Shortest way to get digit number from a value

Question

Let's say I have a number like 134658 and I want the 3rd digit (hundreds place) which is "6".

What's the shortest length code to get it in Objective-C?

This is my current code:

int theNumber = 204398234;
int theDigitPlace = 3;//hundreds place
int theDigit = (int)floorf((float)((10)*((((float)theNumber)/(pow(10, theDigitPlace)))-(floorf(((float)theNumber)/(pow(10, theDigitPlace)))))));

//Returns "2"

Answer 1

Another solution that uses integer math, and a single line of code:

int theNumber = 204398234;
int result = (theNumber/100) % 10;

This is likely the fastest solution proposed yet.

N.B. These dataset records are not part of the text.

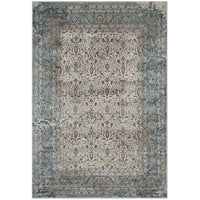 Modway Dilys Distressed Vintage Floral Lattice Area Rug - 5 ft W x 8 ft L - Teal Brown/Beige-Distressed Vintage Floral Lattice Area Rug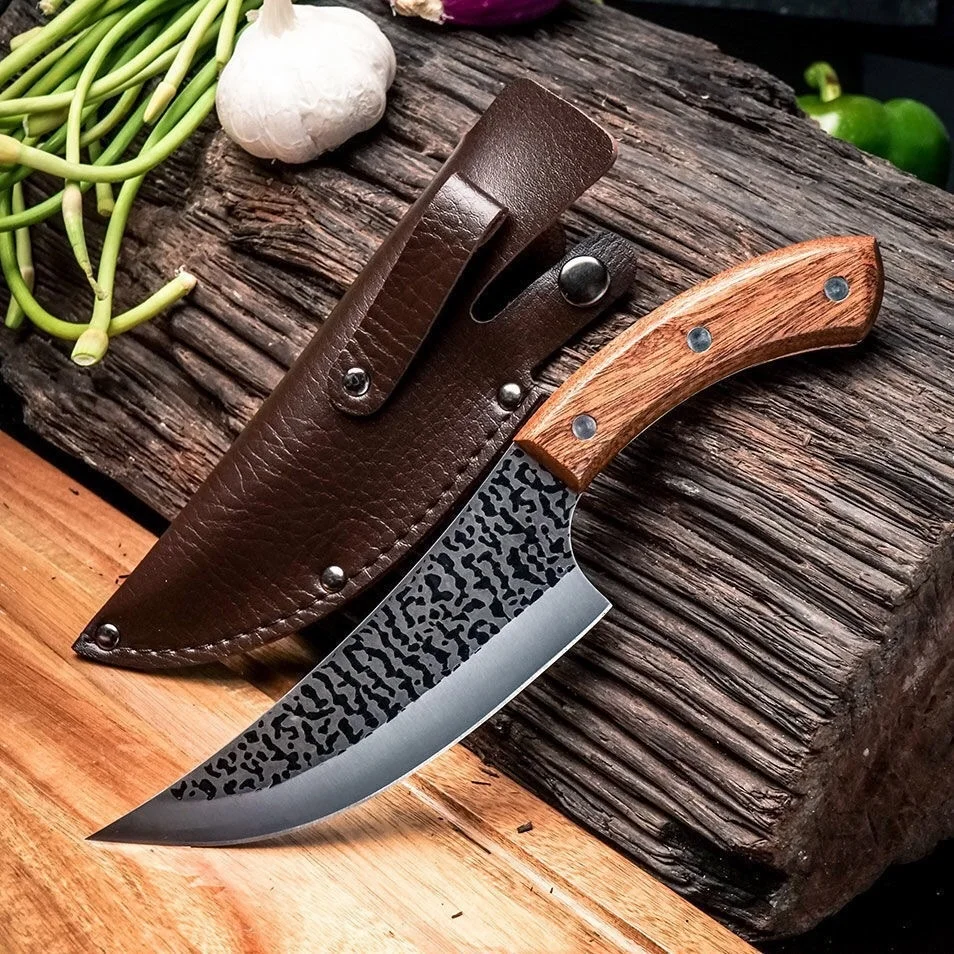 

Hammer Pattern Forged Sharp Stainless Steel Butcher Cut Lamb Boning Knife Skinning Blade
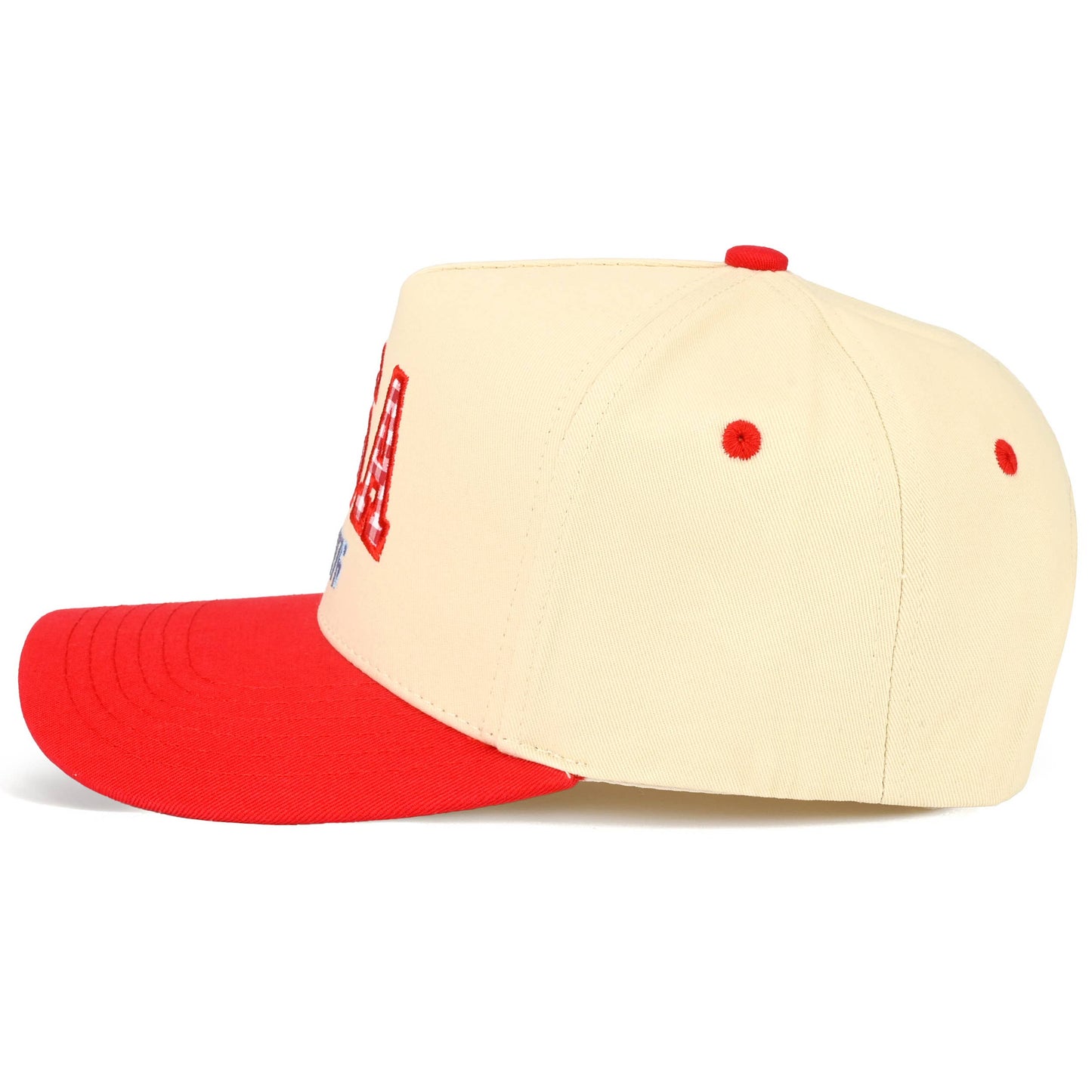 C.C Gingham Check USA EST 1776 Letter Two Tone Trucker Hat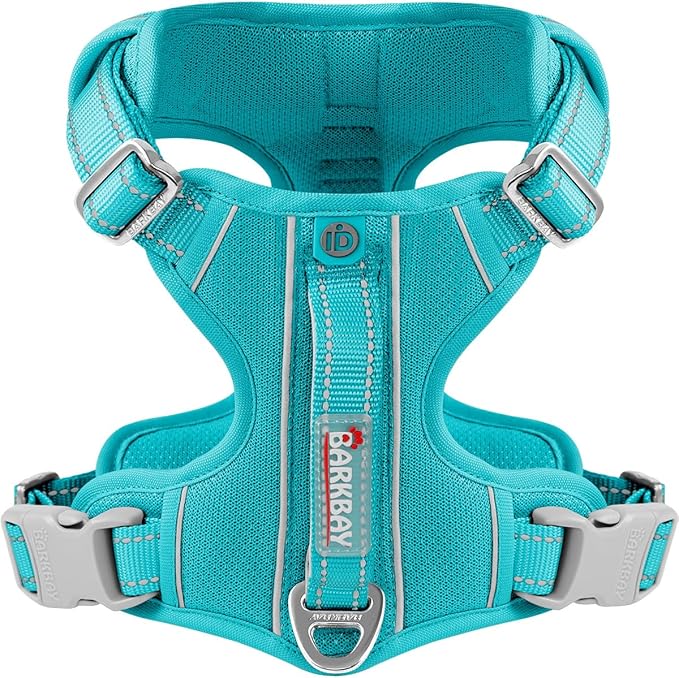 BARKBAY Dog Harness No Pull with ID Tag Pocket - Heavy Duty, Reflective, Easy Control for Large Dogs(Ocean Blue,S)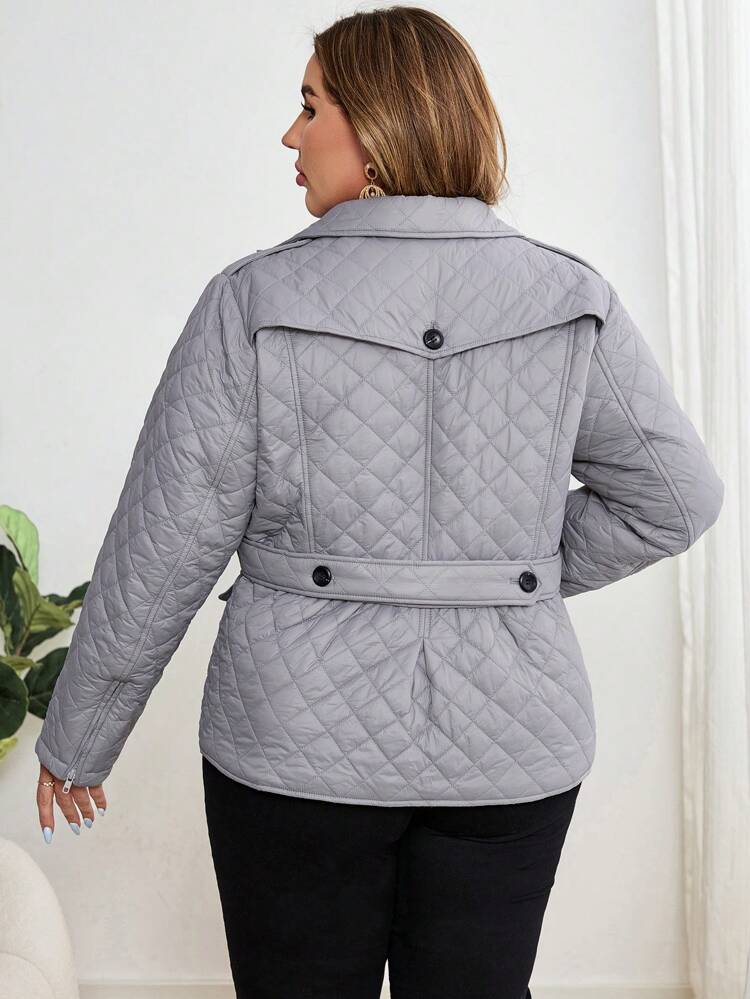 Plus Size Women's Solid Color Minimalist Gray Casual Padded Coat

It shifts the hundreds place down into the 1s place, then uses modulo arithmetic to get rid of everything but the lowest-order decimal digit.

Answer 2

How about good old C?

int theNumber = 204398234;
char output[20];   //Create a string bigger than any number we might get.
sprintf(output, "%d", theNumber);
int theDigit = output[strlen(output)-4]-'0'; //index is zero-based.

That's really only 2 executable lines.

Yours is only 1 line, but that's a nasty, hard-to-understand expression you've got there, and uses very slow transcendental math.

Note: Fixed to take the 3rd digit from the right instead of the 3rd from the left. (Thanks @Maddy for catching my mistake)

Answer 3

There are probably better solutions, but this one is slightly shorter:

int theNumber = 204398234;
int theDigitPlace = 3;//hundreds place
int theDigit = (theNumber/(int)(pow(10, theDigitPlace - 1))) % 10;

In your case, it divides the number by 100 to get 2043982 and then "extracts" the last decimal digit with the "remainder operator" %.

Remark: The solution assumes that the result of pow(10, theDigitPlace - 1) is exact. This works because double has about 16 significant decimal digits and int on iOS is a 32-bit number and has at most 10 decimal digits.